Weekly 2016/35

This is the third approach to write a weekly, and the first one, I totally failed. I didn't make any notes of the week :/

But let's start anyway. This week was covered by a re-deployment of our lab. As expected several things went wrong, and we had to fix it iteratively. Nothing special so far. This couldn't be sticked to one special day. Like describe in the last weeks, I digged around in our network setup. This week, I took my time and documented it down into our IPAM nipap. That includes all the transfer nets and all public IPs assigned to us. In case of service IPs, I documented the "function" as well. We are now able to collect new IPs directly from this pools, without having to grep config files, and hope you catched everything.

On Wednesday, one day with fixing lab-stuff, I got the request to benchmark our S3. Which I started on my short Thursday. I decided to write a script in Go to parallelize the work. This would be perfectly doable in python as well, but I wanted to use something new. First results were collected on Friday morning. Over and over again in this week, I helped a fellow to configure the forward proxy corretly.

Beside of the S3-work, I was in our change commission, to discuss what things we can do on our own, and what should be discussed again in this commission. Lucky us, we can do most of the things, I wanted to.

Friday, started with collecting S3 benchmarks. Then an outage of our cinder-volume occured, which I helped to fix. For sure, since one of my changes broke the configuration :( Fortunately, it resulted in a loss of control and running instances were not affected. I wrote the post-mortem about this outage, and filed some tickets to fix missing bits in our monitoring. After this, I fixed an issue with our StorageManager. It creates new logical volumes on cluster bootstrap, but in our configurations they are very likely to be at the same position like before. So xfs restored the filesystem instead of creating a new one. I now wipefs the new created lv.

Currently I am graphing the S3-results with jupyter notebook, which is really cool. Give it a try. I installed mathplotlib and numpy as well. The performance in average is pretty ok, both up and download. But the long tail does really hurt. Some of the requests took around 8 seconds, while the average is around 0.08 seconds.

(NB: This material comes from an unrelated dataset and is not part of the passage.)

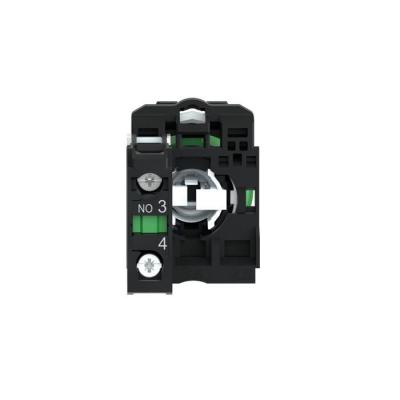  BOUTON TOURNANT NOIR DIAM 22 A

What did I test? I uploaded around 12500 files from a pool of 25 unique images. Using 5 uploads in parallel, and parallel to this, 10 downloads of random images. Both over and over again. I could even do more in parallel. Anyway. I we got some tickets about slow S3-requests. But like all tickets without any steps to recreate. The result we see here, is exactly what I wanted to get out of this tests. In short-term we are going to update our S3-Layer to the latest version. When the results are still the same, we can file a bug against our vender. Of course with steps to recreate ;) Maybe the latest version will be in lab somewhen next week.